As for black Americans, the notion that the descendants of slaves or third-plus generation descendants of black immigrants have a particular connection to the music of Africa is sentimentality. African music IS certainly an important influence on contemporary American music, but so is Indian (South Asian) music. If somebody wants to add the former to the curriculum, she should add the latter too (though of course there’s less of a POLITICAL incentive to require the inclusion of Indian music).
Annabelle Clippinger says
In the past we have had students with more adventurous taste. Maybe it has to do with the fact that the Frida chamber opera is on Halloween. We always like to offer an alternative to students dressing up and going to alcohol fueled parties. Last year we had a film screening of Night of the Living Dead on this date. Perhaps people don’t know how macabre those Frida paintings are. And even more likely they have never seen the excellent Julie Taymor film, and likely do not even have a clue who Frida Kahlo is. When I was their age knowing about Frida Kahlo was a big deal. I wonder if students are not as expansive as they once were, and are not learning ab0ut the arts the way I did when I was younger.

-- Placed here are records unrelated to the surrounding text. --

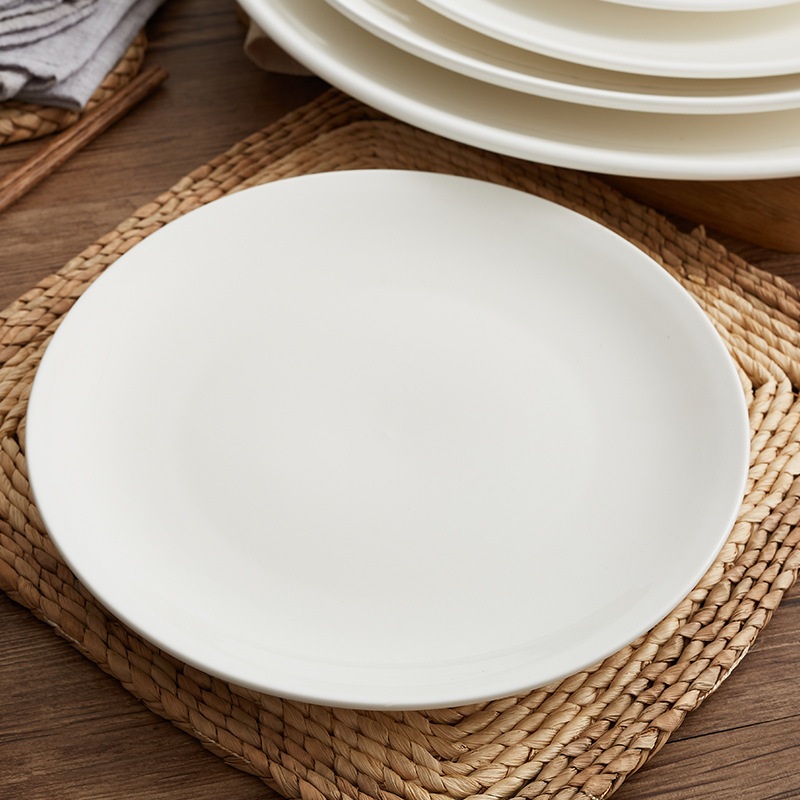 Origin Straight Hair Shanxi Ceramic Plate Western Steak Shallow Plate White Hotel Tableware Ceramic plates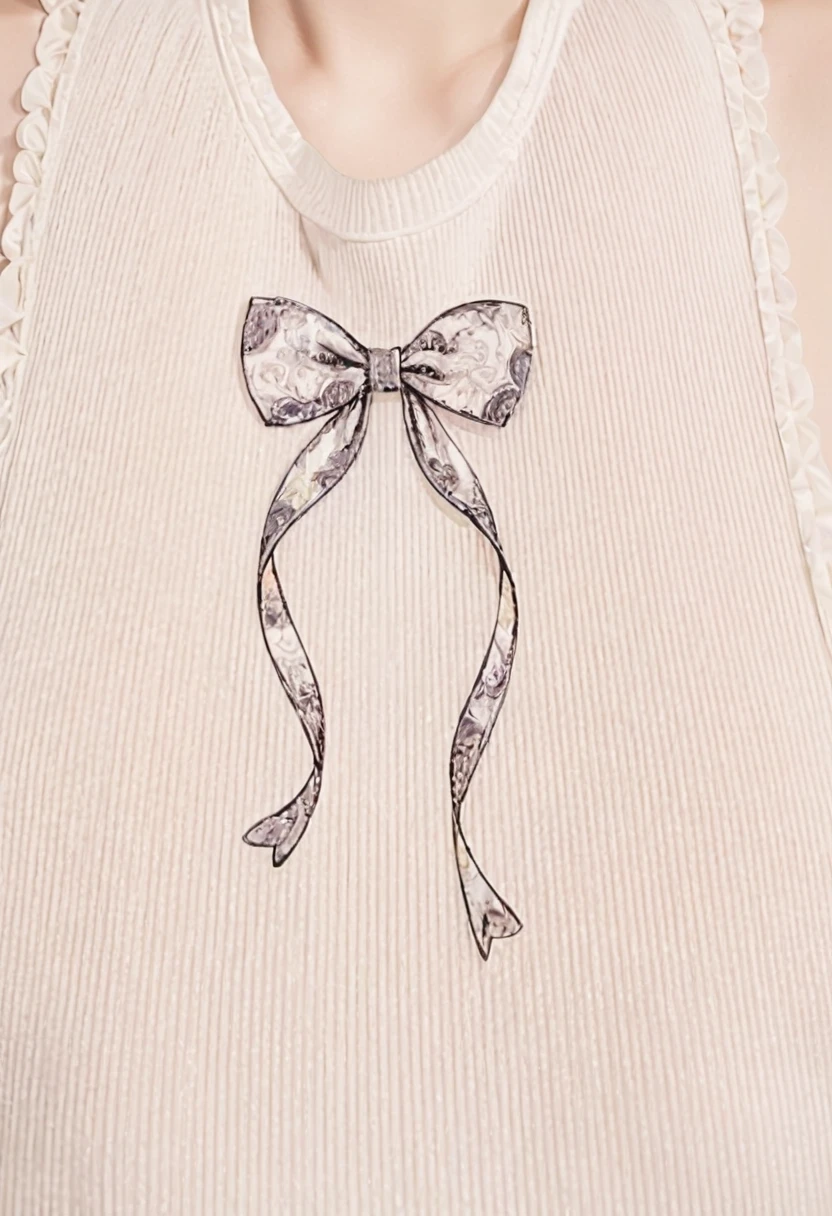 a close up of a woman wearing a white shirt with a bow on it, ornamental bow, Bow, Ripples in the chest, Curves and arches, Upper body close-up, Upper body close-up, ribbon, Tied shirt, Thick Bow, Delicate decoration, white! Tank top with print, Neckline, Smooth down to the finest details, Halter top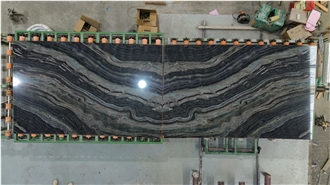 Golden Black Forest Ancient Wood Black Marble Slabs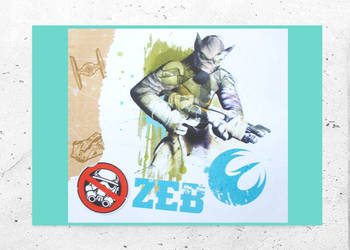 Zeb plakat z gwiezdnych wojen, star wars plakat A4, plakat z Zebem, obrazek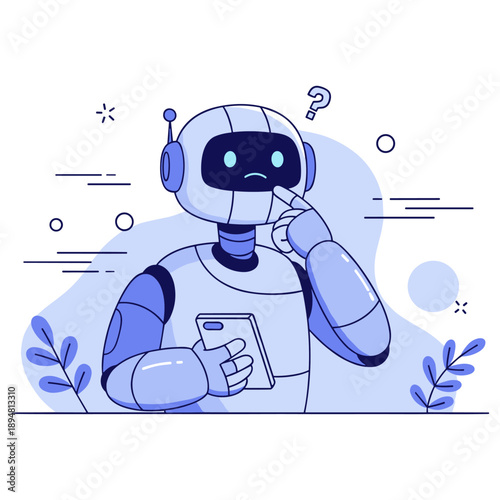 Confused robot holding smartphone in blue tones with question mark
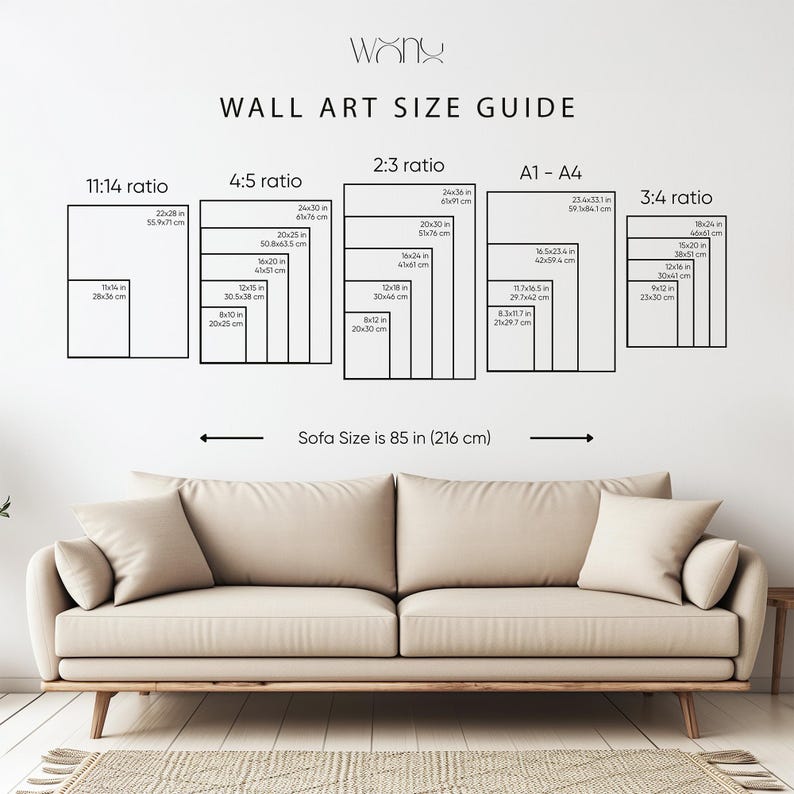 May include: Wall art size guide showing different aspect ratios: 11:14, 4:5, 2:3, A1-A4, and 3:4. Dimensions are provided in inches and centimetres. The sofa size is 216 cm (85 inches).
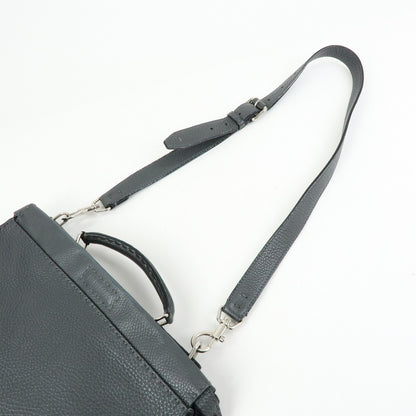 Fendi Selleria Peekaboo Grainy Leather, Gray, Leather, Handbag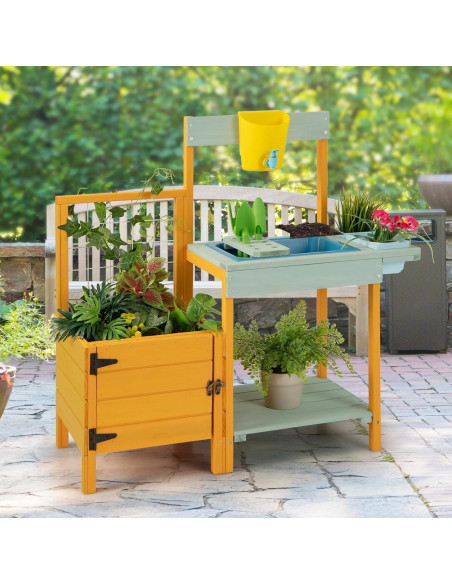 Mesa de Jardinería para Niños HONEY JOY con Fregadero y Plantación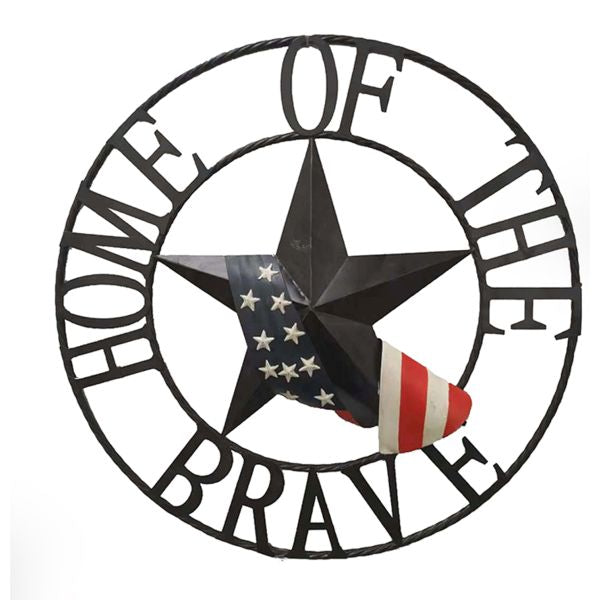 Home Of The Brave Outdoor Welcome Wheel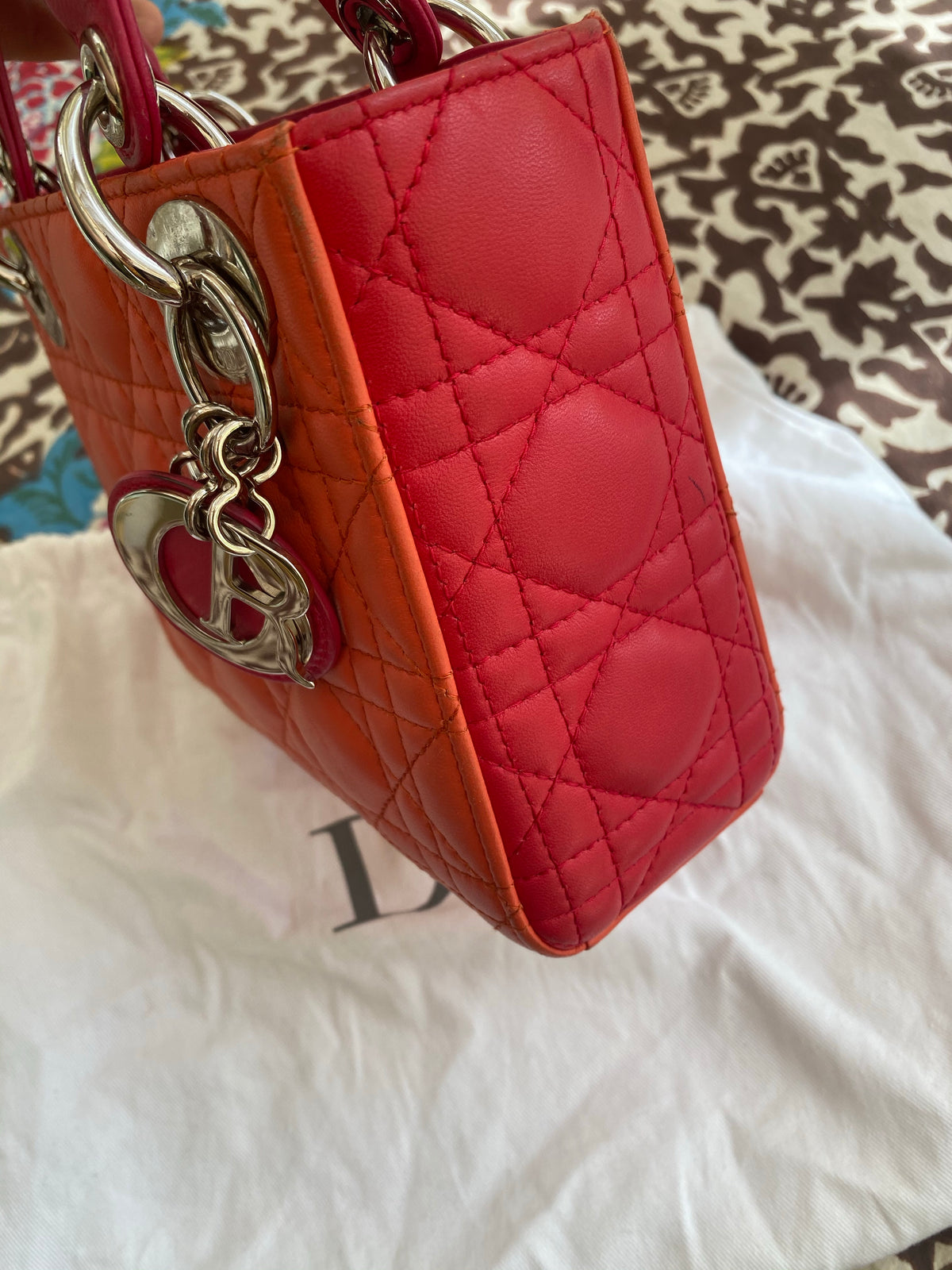 Christian Dior Lambskin Cannage Mini Bi-Color Lady Dior Orange Fuchsia Bag ladies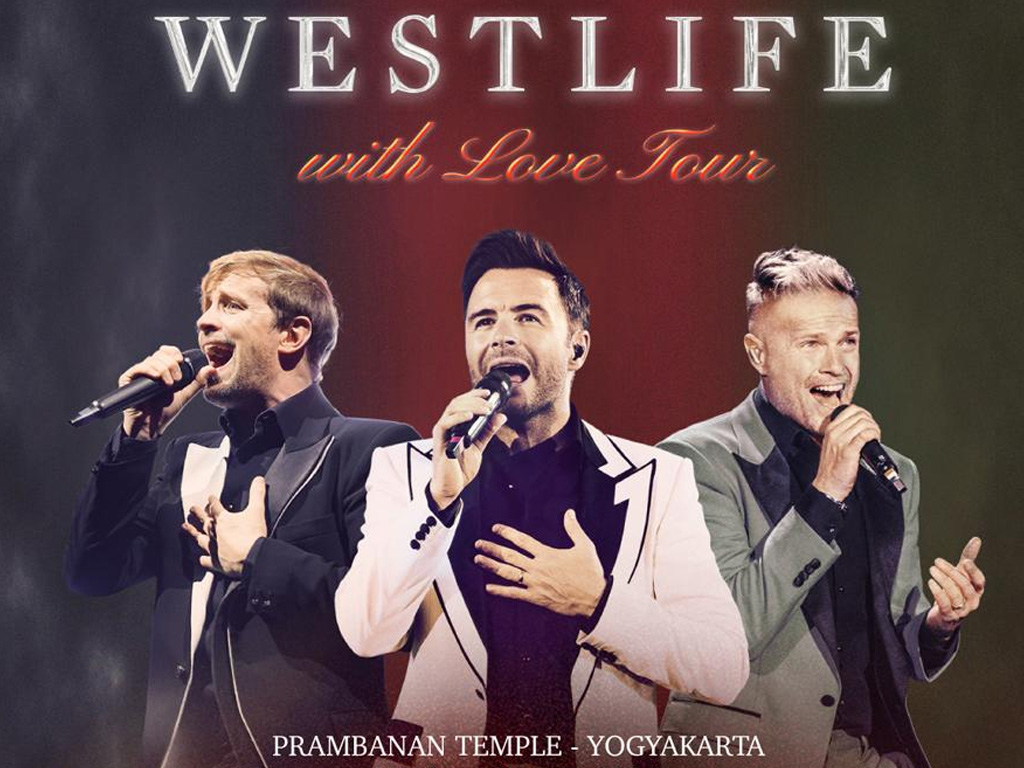 Poster konser Westlife di Candi Prambanan pada Juni 2024. (Foto: Istimewa)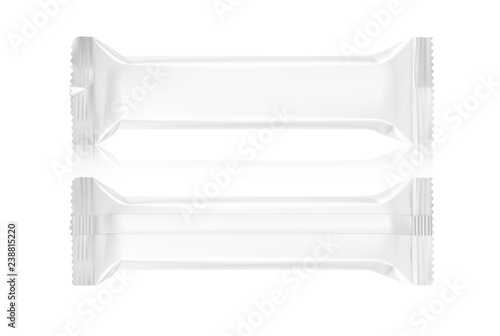 Realistic horizontal flow pack mockup. Front and rear view. Vector illustration isolated on white background. Can be used for food, hygiene, cosmetic. EPS10.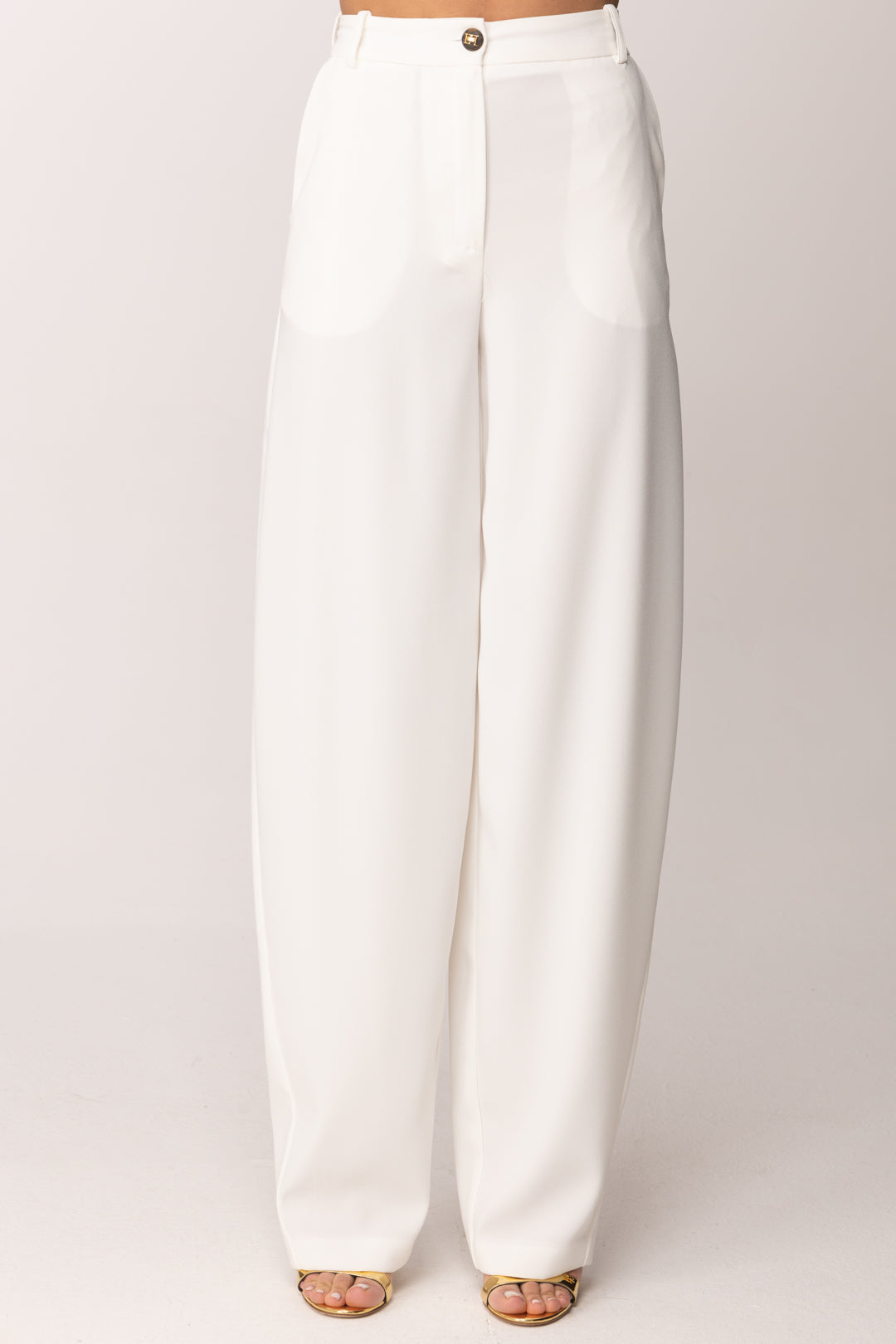 Elisabetta Franchi Pantaloni In Crêpe Leggero PA17861E2 AVORIO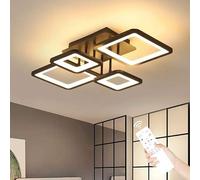 Comely Plafoniera LED Soffitto Dimmerabile, 54W 6075LM Lampadario LED Soffitto con Telecomando 3000K-6500K, Plafoniera quadrato in Acrilico per Soggiorno Camera Da Letto Cucina, Nero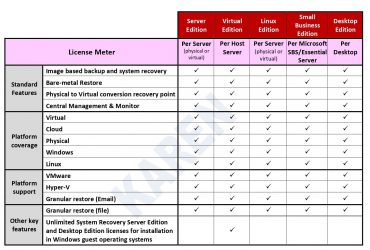 Licenses Veritas System Recovery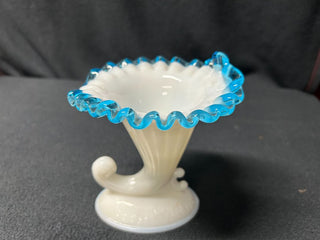 Fenton cornucopia light blue rim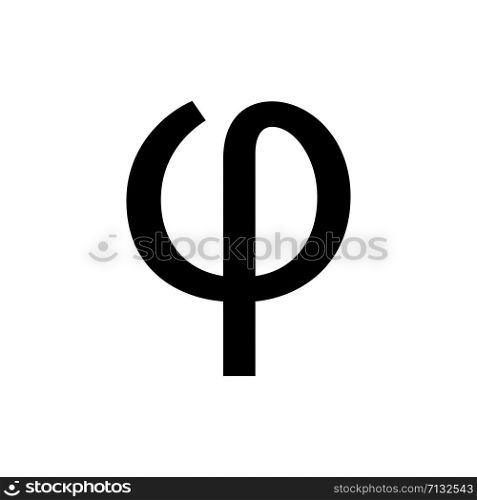 greek alphabet : phi signage icon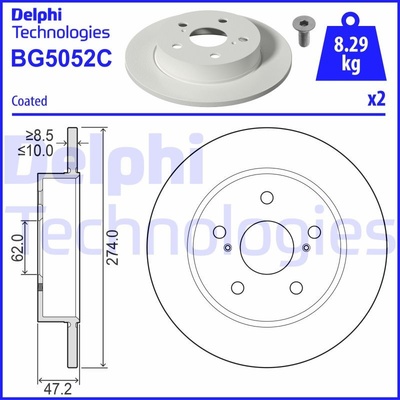 DELPHI Brzdový kotúč BG5052C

I had the opportunity to see a number of Kahlo paintings at the Albright Knox Museum in Buffalo, NY. They are diminutive but still extraordinarily striking.
Thanks for your comments Greg, as ever they do have teeth.
Jill Culiner says
Such an enthusiastic defence of the consumer society and an endorsement of the new conformism! Apparently today’s artist is someone who knows the buzz words, the trends, creates a new product and finds a sales niche for it. Here we still are: anything goes; never criticize; we’re all oh-so politically correct; you’re and artist, I’m an artist; don’t bother trying to think; and, by the way, what sitcom are you watching tonight?
And I’d like to point out that your successful female locavore sitting in Jean-Pierre’s edgy restaurant and twitching to indie rock isn’t, as you say, a cultured person. She’s acculturated. (I’d call her a zombie.)